I remember the first time that I discovered command line completion for my shell way back in the early 90’s. Up until then, you needed to remember the filename you wanted to use for any command and type the full name out in its entirety. This could be a frustrating and error-prone process even if you were a good typist. From then on being able to hit TAB and get the right filename was just pure bliss!
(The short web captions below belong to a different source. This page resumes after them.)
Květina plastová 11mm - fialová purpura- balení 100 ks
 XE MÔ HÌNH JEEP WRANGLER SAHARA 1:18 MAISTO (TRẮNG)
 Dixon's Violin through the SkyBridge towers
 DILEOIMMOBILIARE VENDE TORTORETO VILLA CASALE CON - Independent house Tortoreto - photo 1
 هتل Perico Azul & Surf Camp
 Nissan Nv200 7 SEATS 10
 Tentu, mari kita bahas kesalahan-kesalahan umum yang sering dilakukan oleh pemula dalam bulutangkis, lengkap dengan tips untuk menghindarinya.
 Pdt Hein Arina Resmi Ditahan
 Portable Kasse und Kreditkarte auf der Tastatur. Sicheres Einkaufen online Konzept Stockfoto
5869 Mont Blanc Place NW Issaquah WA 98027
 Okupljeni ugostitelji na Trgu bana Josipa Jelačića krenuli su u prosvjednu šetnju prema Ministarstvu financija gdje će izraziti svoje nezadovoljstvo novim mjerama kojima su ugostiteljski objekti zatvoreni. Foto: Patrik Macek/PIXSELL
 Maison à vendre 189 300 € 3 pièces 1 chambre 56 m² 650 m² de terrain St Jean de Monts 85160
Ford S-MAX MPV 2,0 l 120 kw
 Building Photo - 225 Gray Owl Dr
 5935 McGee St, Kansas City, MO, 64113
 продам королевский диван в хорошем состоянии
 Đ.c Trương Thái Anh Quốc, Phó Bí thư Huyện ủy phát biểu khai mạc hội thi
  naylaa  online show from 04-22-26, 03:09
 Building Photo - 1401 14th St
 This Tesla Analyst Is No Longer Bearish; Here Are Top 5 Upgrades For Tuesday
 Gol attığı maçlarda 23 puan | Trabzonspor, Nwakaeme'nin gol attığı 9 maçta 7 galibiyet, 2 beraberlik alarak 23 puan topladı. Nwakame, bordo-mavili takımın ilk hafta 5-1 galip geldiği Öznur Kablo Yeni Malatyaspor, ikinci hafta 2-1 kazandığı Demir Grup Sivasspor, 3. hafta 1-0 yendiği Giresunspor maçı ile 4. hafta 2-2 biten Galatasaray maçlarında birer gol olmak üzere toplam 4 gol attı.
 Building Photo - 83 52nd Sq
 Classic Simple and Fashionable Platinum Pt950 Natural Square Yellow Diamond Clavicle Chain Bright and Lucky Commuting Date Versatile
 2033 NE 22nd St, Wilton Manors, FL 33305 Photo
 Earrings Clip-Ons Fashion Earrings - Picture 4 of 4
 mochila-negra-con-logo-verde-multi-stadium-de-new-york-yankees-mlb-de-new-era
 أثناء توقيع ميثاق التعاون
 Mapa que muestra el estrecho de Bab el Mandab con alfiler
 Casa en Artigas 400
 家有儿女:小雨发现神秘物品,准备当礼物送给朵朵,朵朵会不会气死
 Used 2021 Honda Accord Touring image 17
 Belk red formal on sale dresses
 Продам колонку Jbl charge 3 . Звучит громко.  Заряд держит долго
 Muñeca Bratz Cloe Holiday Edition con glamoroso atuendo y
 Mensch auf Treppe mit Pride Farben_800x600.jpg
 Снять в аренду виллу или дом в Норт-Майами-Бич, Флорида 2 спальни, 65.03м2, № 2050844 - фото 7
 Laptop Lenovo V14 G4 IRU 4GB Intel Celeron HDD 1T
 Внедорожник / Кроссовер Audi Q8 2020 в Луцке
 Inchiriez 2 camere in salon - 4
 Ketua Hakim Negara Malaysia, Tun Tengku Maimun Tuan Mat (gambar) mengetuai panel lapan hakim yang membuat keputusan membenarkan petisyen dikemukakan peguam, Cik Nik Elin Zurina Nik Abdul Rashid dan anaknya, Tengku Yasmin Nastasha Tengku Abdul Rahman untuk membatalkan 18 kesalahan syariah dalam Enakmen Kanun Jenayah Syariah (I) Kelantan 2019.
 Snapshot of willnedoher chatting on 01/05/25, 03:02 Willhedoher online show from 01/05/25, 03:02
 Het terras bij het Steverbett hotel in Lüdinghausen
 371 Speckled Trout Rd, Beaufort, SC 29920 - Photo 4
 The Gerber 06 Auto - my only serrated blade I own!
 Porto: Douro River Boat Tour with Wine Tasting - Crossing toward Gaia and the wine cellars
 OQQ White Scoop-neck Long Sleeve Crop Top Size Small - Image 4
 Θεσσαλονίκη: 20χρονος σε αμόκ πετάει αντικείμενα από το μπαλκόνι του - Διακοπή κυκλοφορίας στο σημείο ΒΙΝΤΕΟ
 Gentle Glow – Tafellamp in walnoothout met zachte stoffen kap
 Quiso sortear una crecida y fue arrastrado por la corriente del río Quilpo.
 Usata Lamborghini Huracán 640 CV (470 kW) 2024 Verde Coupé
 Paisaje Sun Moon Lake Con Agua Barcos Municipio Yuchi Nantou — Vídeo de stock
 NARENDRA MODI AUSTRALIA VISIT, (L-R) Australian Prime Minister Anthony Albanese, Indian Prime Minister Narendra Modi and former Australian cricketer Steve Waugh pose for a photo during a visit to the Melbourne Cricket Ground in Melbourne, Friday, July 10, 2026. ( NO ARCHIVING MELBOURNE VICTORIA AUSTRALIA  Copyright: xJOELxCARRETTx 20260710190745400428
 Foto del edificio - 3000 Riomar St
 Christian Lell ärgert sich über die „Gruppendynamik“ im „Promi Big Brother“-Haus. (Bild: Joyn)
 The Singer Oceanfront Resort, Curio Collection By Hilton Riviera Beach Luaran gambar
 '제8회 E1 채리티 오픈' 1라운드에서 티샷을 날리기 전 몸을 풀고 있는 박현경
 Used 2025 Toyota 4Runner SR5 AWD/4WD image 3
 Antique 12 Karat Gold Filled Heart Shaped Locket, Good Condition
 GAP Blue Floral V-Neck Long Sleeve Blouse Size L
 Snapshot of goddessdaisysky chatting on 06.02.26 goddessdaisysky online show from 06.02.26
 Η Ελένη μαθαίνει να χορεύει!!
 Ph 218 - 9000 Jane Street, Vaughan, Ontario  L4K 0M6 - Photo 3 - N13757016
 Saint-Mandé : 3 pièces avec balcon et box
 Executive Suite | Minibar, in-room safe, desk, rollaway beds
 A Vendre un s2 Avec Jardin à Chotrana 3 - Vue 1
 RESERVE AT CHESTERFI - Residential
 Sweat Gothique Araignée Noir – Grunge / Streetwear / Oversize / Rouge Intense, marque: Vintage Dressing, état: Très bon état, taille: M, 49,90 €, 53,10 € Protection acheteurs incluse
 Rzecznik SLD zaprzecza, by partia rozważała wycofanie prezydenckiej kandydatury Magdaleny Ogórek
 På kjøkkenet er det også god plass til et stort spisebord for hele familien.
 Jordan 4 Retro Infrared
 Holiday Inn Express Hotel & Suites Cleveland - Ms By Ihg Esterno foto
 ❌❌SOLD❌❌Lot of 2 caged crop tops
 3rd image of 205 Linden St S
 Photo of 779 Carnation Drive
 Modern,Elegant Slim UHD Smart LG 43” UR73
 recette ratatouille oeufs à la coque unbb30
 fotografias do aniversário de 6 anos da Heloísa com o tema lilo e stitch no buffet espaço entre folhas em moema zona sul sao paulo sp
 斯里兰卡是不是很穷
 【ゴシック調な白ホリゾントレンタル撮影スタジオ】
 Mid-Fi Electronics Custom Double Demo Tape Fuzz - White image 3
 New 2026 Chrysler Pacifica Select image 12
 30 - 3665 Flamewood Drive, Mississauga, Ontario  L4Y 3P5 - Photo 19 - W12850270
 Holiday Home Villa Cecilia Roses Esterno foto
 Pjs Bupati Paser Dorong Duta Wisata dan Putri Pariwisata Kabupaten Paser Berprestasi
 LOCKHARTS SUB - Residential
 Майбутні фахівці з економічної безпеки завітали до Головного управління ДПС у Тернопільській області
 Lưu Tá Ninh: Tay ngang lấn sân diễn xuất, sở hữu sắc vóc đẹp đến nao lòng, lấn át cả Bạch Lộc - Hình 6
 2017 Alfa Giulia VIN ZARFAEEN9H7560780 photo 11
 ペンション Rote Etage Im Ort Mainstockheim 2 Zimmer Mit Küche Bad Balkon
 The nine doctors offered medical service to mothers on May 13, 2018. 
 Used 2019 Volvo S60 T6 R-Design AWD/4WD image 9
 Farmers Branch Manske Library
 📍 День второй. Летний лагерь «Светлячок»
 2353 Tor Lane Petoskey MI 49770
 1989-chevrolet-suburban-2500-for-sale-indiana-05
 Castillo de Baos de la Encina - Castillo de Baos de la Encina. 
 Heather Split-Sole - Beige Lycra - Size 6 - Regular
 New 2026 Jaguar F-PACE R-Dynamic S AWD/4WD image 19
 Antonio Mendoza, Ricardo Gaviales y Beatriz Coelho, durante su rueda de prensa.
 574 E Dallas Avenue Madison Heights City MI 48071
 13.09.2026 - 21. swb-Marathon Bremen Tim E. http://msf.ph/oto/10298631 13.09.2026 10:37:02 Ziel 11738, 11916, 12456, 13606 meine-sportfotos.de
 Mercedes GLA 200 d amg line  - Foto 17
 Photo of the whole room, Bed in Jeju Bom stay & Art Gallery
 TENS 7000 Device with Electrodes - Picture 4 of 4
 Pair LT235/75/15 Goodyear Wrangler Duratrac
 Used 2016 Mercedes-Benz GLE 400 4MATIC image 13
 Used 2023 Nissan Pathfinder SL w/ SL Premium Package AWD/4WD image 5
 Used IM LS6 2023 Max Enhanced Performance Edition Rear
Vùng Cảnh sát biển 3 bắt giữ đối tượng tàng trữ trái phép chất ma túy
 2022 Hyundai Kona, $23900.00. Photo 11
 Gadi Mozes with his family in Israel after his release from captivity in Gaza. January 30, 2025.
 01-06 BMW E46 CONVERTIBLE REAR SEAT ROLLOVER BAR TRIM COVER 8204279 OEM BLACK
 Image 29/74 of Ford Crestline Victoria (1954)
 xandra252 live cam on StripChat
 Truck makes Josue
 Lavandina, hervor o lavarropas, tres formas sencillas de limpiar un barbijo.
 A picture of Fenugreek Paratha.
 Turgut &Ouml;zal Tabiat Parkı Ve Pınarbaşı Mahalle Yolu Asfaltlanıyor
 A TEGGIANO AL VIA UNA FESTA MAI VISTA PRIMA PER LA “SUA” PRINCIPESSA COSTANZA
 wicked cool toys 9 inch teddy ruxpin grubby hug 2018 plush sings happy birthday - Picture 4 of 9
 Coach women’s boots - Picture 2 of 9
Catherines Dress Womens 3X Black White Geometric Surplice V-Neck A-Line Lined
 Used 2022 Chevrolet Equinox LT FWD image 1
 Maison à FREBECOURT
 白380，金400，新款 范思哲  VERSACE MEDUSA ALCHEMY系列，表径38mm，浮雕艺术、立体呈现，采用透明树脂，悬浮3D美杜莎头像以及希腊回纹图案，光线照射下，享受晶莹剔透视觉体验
Depending on your situation, command line completion for Docker client may already be working and you might not realise it! Read on for details.
Mac OS X
Firstly you must install the Homebrew package manager, if you haven’t done this already on your Mac. Install the bash-completion package to install the pieces necessary to make completion work:
$ brew install bash-completion
For it to actually work you need to add a snippet of code to your local bash configuration. Add the following text to the end of your $HOME/.bash_profile file:
if [ -f $(brew --prefix)/etc/bash_completion ]; then . $(brew --prefix)/etc/bash_completion fi
You can test by typing a partial docker command and hitting the TAB key:
$ docker im<TAB> images import
Here the command line completion script is asking you to pick between two possibilities that start with “im”. Command line completion doesn’t just work with filenames!
If you use Debian or Ubuntu then you’re in luck and command line completion should already be present and working. This is true for both the vendor packaging installed with “apt-get install docker-engine” or “apt-get install docker-ce”, as well as the distribution packaging installed with “apt-get install docker.io”.
If you use a RPM-based distribution like Fedora, CentOS or SuSE then you’re in luck also and command line completion should already be present and working. Like for Debian and Ubuntu this should be true for both the vendor and distribution packaging.